From the television commercials, "Bruce Almighty" looks like Jim Carrey's big return to the kind of broad physical comedy he made his name with.
And it is - until about two-thirds of the way through, when it turns into a very special episode of "Touched by an Angel."
The tone turns from wacky to preachy with the speed of a lightning bolt from the heavens, which makes the film's marketing seem downright disingenuous. I half expected Kirk Cameron to show up and save the world from the apocalypse, again.

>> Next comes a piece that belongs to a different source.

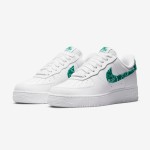 Nike Air Force 1 Low WMNS "Green Paisley" DH4406-102 - White Sneakers with Green Paisley Details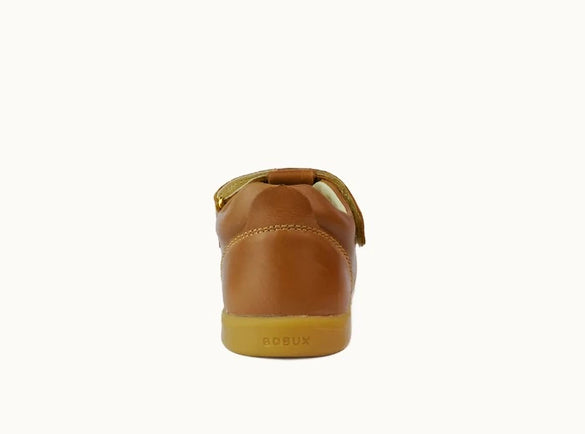 Bobux Iwalk Louise T Bar Caramel Little Treads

You have to have seen the commercials - they're on so frequently, they practically have their own cable channel - and they divulge the movie's every sight gag.
Carrey, as Buffalo TV reporter Bruce Nolan, receives the powers of God (Morgan Freeman) after suffering a crisis of faith, and uses them to part his tomato soup as if it were the Red Sea and give his girlfriend (Jennifer Aniston) bigger breasts. He makes fire hydrants explode and blows wind up a hot woman's dress for sheer amusement. And - ho, ho, get this! - he makes his naughty dog pee in the toilet, standing up on his hind legs.
Not that funny the first time - not that funny the 666th time. But the slapstick fits Carrey like a glove - or rather, like "The Mask," which "Bruce Almighty" alludes to when Bruce tosses out a casual "All righty, then."
Following Carrey's disappointing dramatic turn in "The Majestic" - his most recent attempt to be Taken Seriously As An Actor, in the tradition of "The Truman Show" and "Man on the Moon" - he's back doing what he does best, doing what his audiences love.
But then Tom Shadyac, who directed Carrey in "Ace Ventura: Pet Detective" and "Liar Liar," abruptly shifts the film's tone. Bruce also must deal with the burdens of playing God, which entails hearing people's prayers. That's fine, because it makes sense, but one quibble: The voices come to him selectively, when in theory, they should bombard him all the time.
One of the people he hears praying is his girlfriend - named Grace, naturally - who lies awake in bed at night sobbing, "Dear God, give Bruce strength." Later, Bruce falls to his knees in the pouring rain and cries out to God, "I surrender to your will!" It's all too heavy and heavy-handed to serve as a message with any real meaning.
Among the most grievous sins: The film wastes Aniston in the role of the supportive girlfriend, when she proved last year with "The Good Girl" that she's capable of doing so much more.
Freeman brings his typical stately presence - and to be fair, seeing him as God in "Bruce Almighty" is far preferable to the loose-cannon colonel he played earlier this year in the nightmarish "Dreamcatcher."
But even he couldn't keep this lapsed Catholic from praying that the film would end.